Extreme particle and heat fluxes within future commercial fusion reactors will exceed 10-20 MW/m2, demanding the most resilient material systems to survive prolonged operation. Materials must tolerate damage from high neutron and charged particle fluxes, and while refractory alloys are promising, sputtering of these materials risks cooling the plasma and disrupting operation. Liquid metals may help address many of these challenges, though maintaining a liquid coating on all surfaces is challenging, requiring resilient solid structures to be manufactured with microscale complexity. Plasma facing components coated in liquid metal (lithium) offer highly desirable properties that can address these issues. To create high-precision microscale structures from resilient refractory- based materials to support a liquid surface through capillary action, two advanced manufacturing technologies will be employed. The approach will combine the advantages of each, including improved thermo-mechanical properties from one and high precision small scale features of the other, resulting in a resilient, reliable porous plasma facing material to support a liquid interface with the plasma.
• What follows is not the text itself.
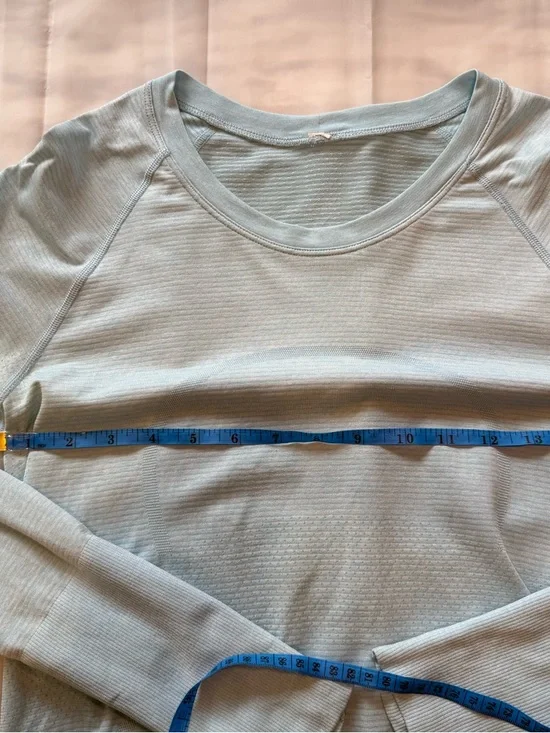lululemon athletica Swiftly Tech 2.0 Race Length Long Sleeve Size 8 Blue Chill - Picture 11 of 13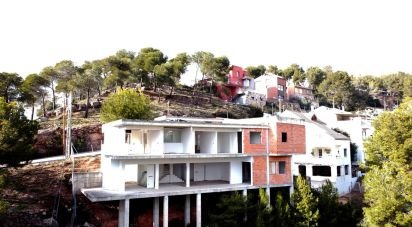 Appartement en maison 6 chambres de 212 m² à Castellar del Vallès (08211)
Phase I will address critical questions around the feasibility of merging these technologies, including microstructure and material properties, manufacturing precision and scale, and post-processing cleaning. Phase II will develop scaled production and test performance of the material with liquid metals under extreme conditions. Fusion is an abundant, affordable, and clean energy source will help to avoid climate disaster in the long run and ensure energy security. This project will not only enable liquid metal plasma facing components in appropriate fusion reactor designs, but also address complex components in reactors with solid components that face machining challenges with brittle materials. Tailored interfaces between solid and liquid metals at high temperatures have several other potential applications, such as thermal management systems in hypersonic vehicles.